- [What the exercise asks]: Restate word for word all of the lines below, with each image left out.

Top of Input material

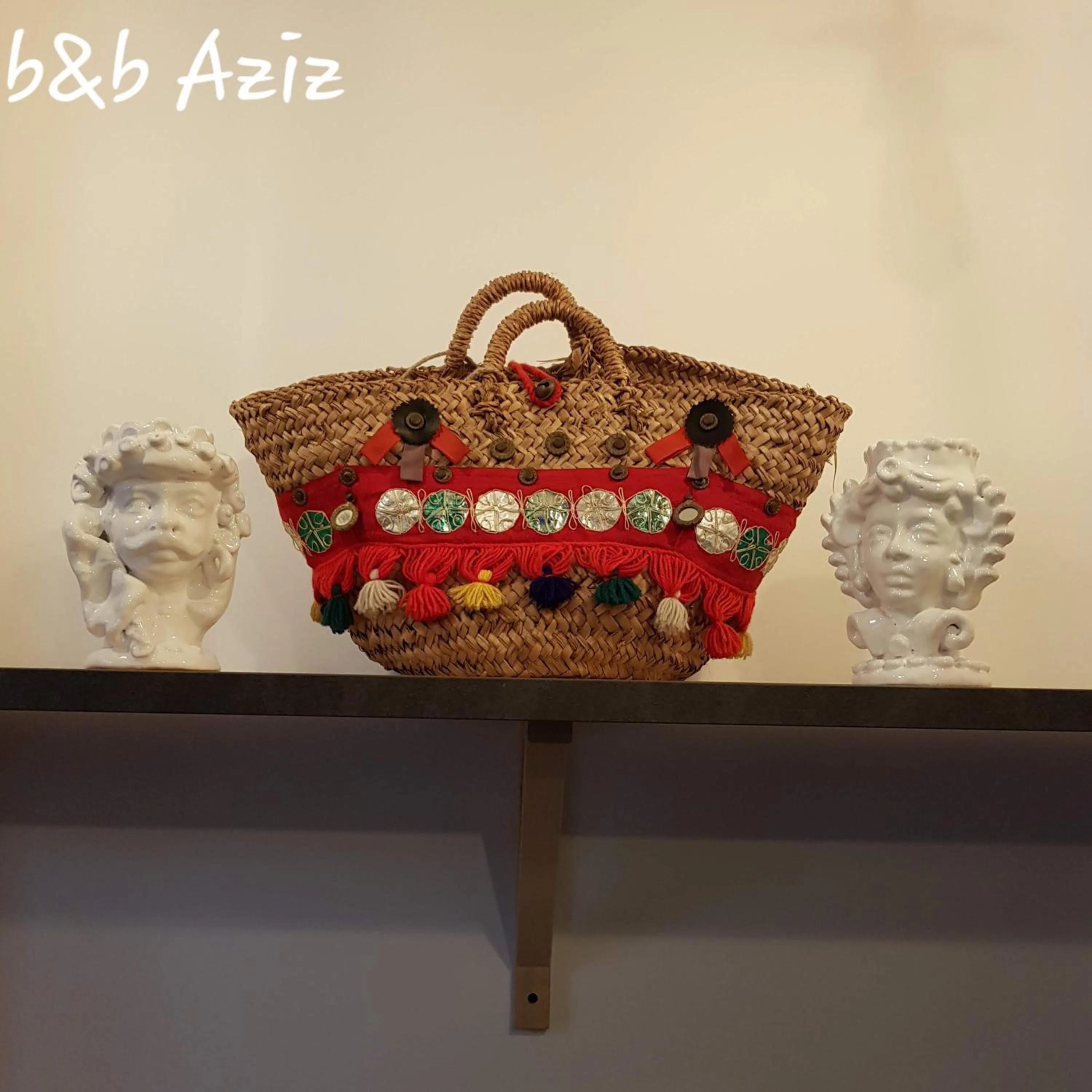 Decorative detail in Aziz b&b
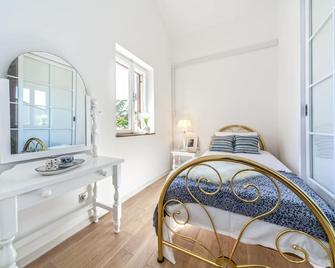 5 Bedroom Villa, Pool, Sea Views, Baska Voda - Baška Voda - Dormitor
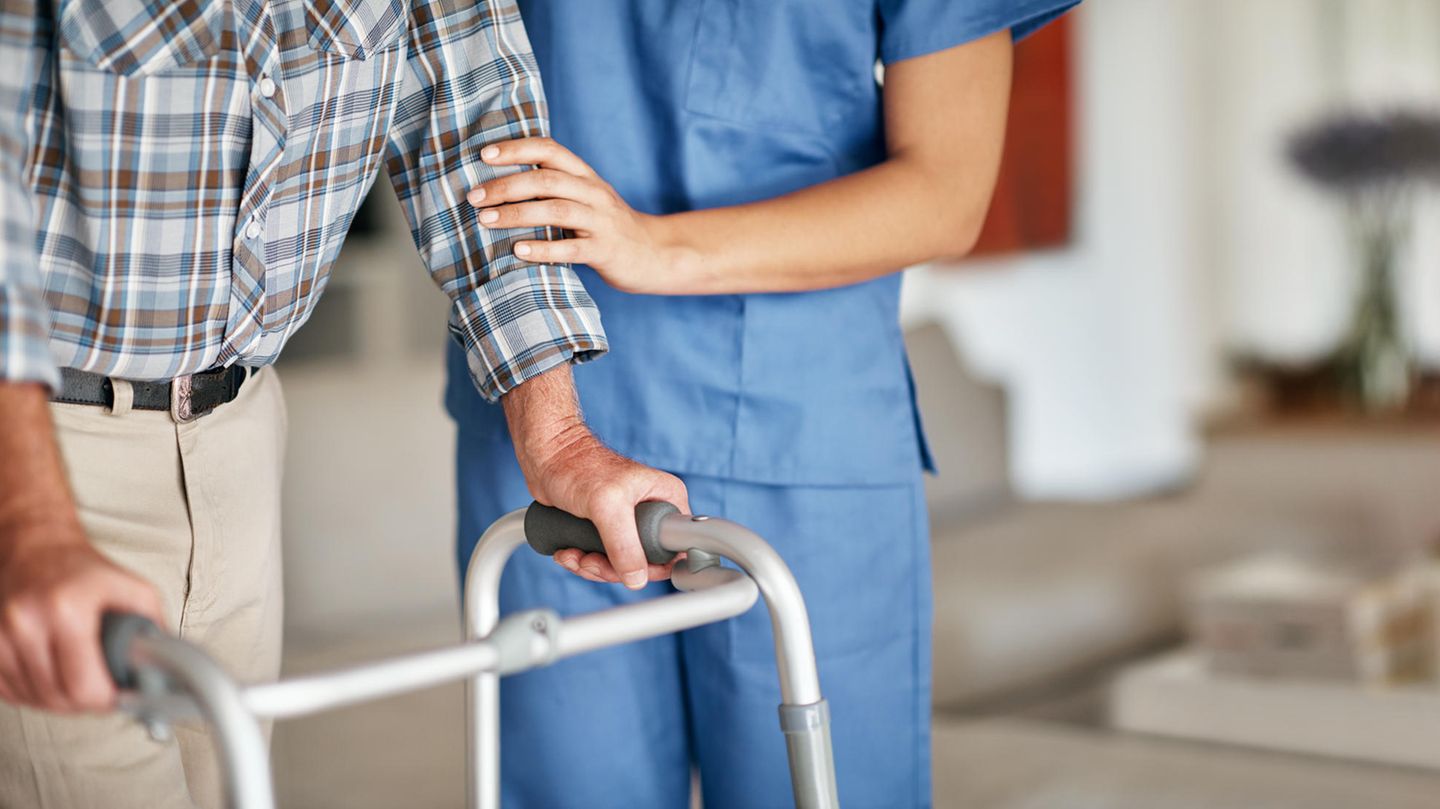 Gesundheits- und Sozialwesen  Pflegedienstleiter/in: 49.300 Euro  Sozialpädagoge/-in: 42.050 Euro  Pflegefachkraft: 39.262 Euro  Altenpfleger/-in: 38.176 Euro  Physiotherapeut/-in: 34.207 Euro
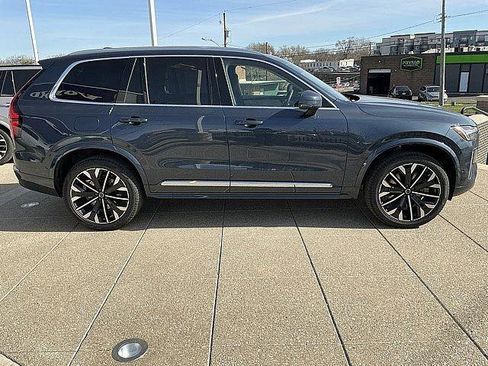 New 2026 Volvo XC90 T8 Plus w/ Protection Package Premier AWD/4WD image 7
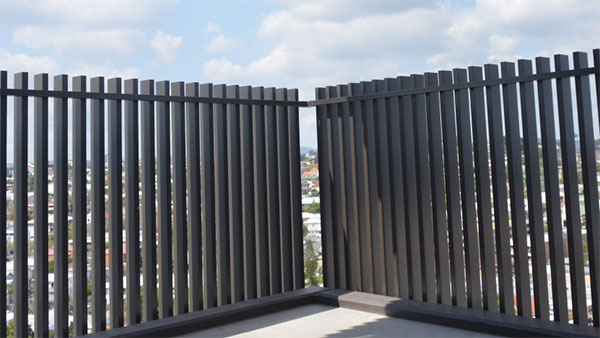 鋁合金護(hù)欄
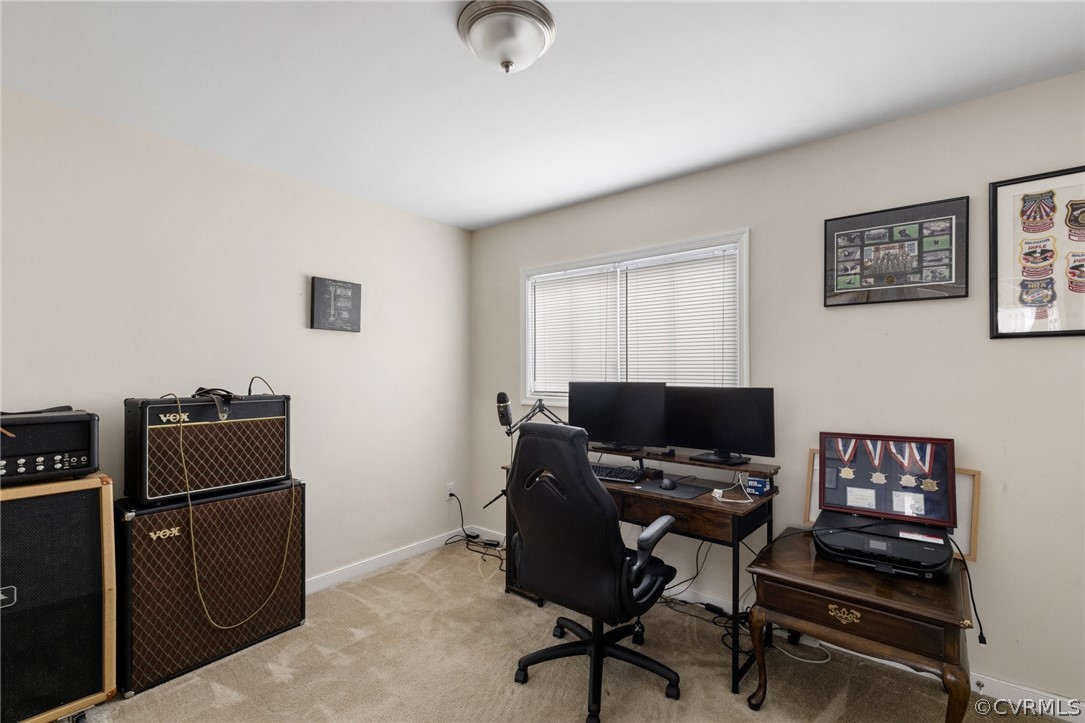 1121 Daniel St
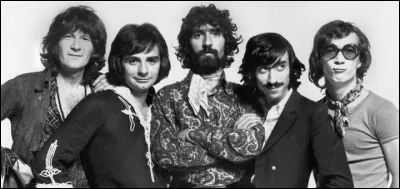 Dans la chanson des Charlots, sortie en 1967, de quoi Paulette est-elle la reine ?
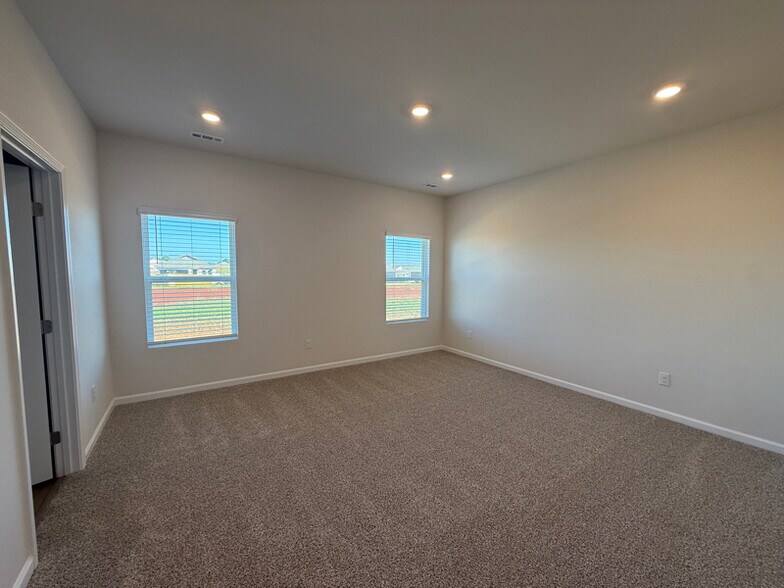 Building Photo - 157 Keller Dr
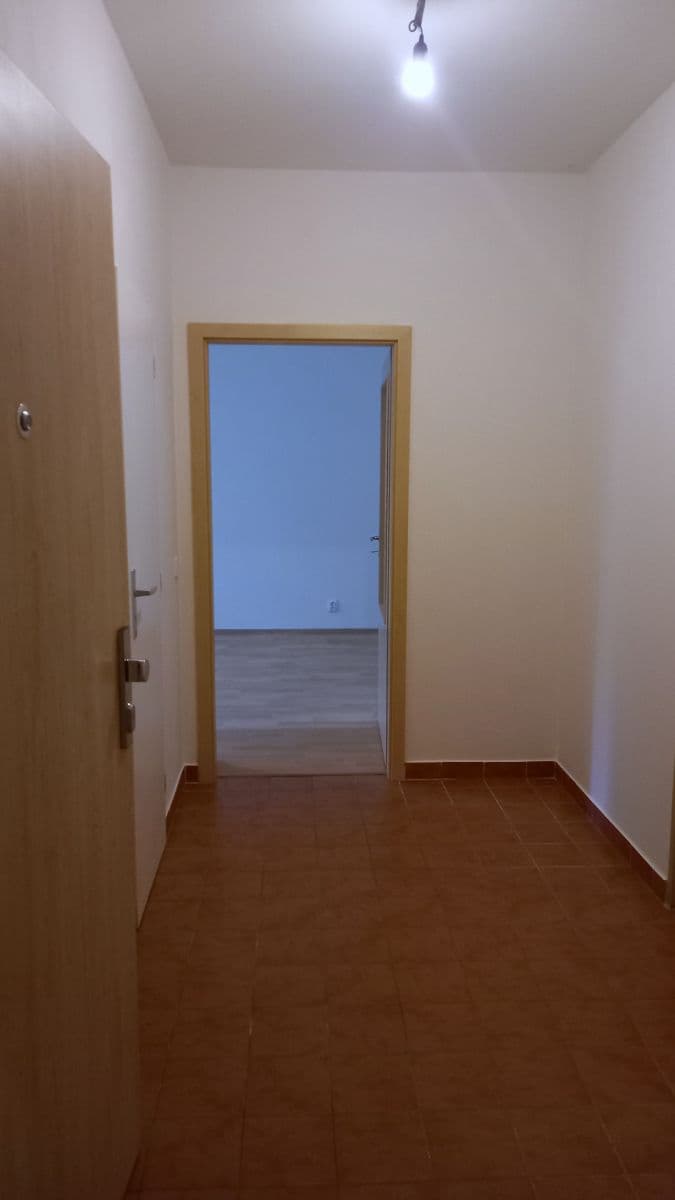 Pronájem bytu 3+1 68 m², Nad Štolami, Odolena Voda, Středočeský kraj Pronájem bytu 3+1 68 m², Nad Štolami, Odolena Voda, Středočeský kraj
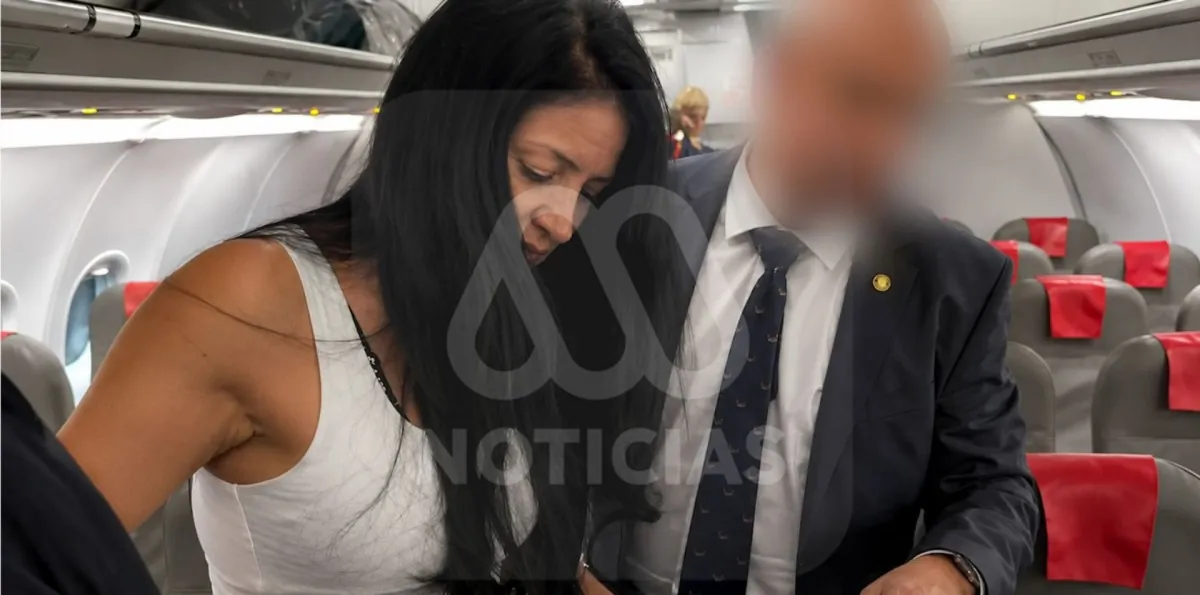 EXCLUSIVO | PDI traslada a Karen Rojo: la primera imagen de la exalcaldesa en su vuelo de retorno a Chile
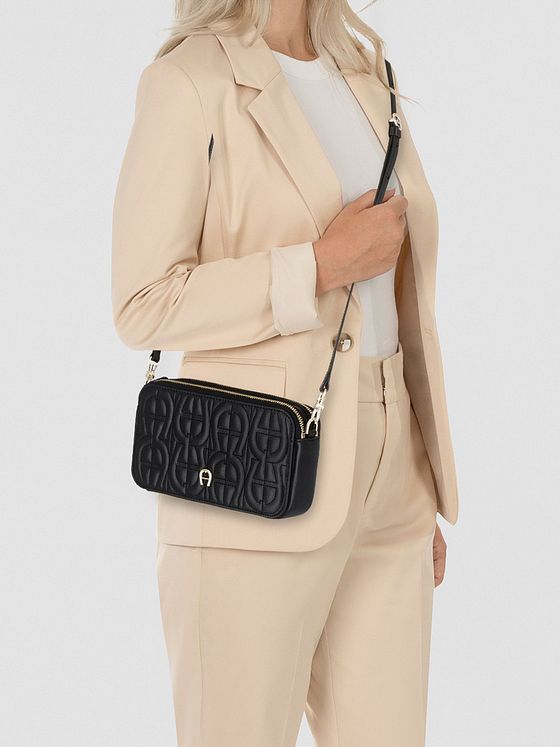 AIGNER Diadora Skuldertaske Læder 19 cm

Bottom of Input material

- [Result]:
 Decorative detail in Aziz b&b
 5 Bedroom Villa, Pool, Sea Views, Baska Voda - Baška Voda - Dormitor
 Gesundheits- und Sozialwesen  Pflegedienstleiter/in: 49.300 Euro  Sozialpädagoge/-in: 42.050 Euro  Pflegefachkraft: 39.262 Euro  Altenpfleger/-in: 38.176 Euro  Physiotherapeut/-in: 34.207 Euro
 New 2026 Volvo XC90 T8 Plus w/ Protection Package Premier AWD/4WD image 7
 鋁合金護(hù)欄
 1121 Daniel St
 Dans la chanson des Charlots, sortie en 1967, de quoi Paulette est-elle la reine ?
 Building Photo - 157 Keller Dr
 Pronájem bytu 3+1 68 m², Nad Štolami, Odolena Voda, Středočeský kraj Pronájem bytu 3+1 68 m², Nad Štolami, Odolena Voda, Středočeský kraj
 EXCLUSIVO | PDI traslada a Karen Rojo: la primera imagen de la exalcaldesa en su vuelo de retorno a Chile
 AIGNER Diadora Skuldertaske Læder 19 cm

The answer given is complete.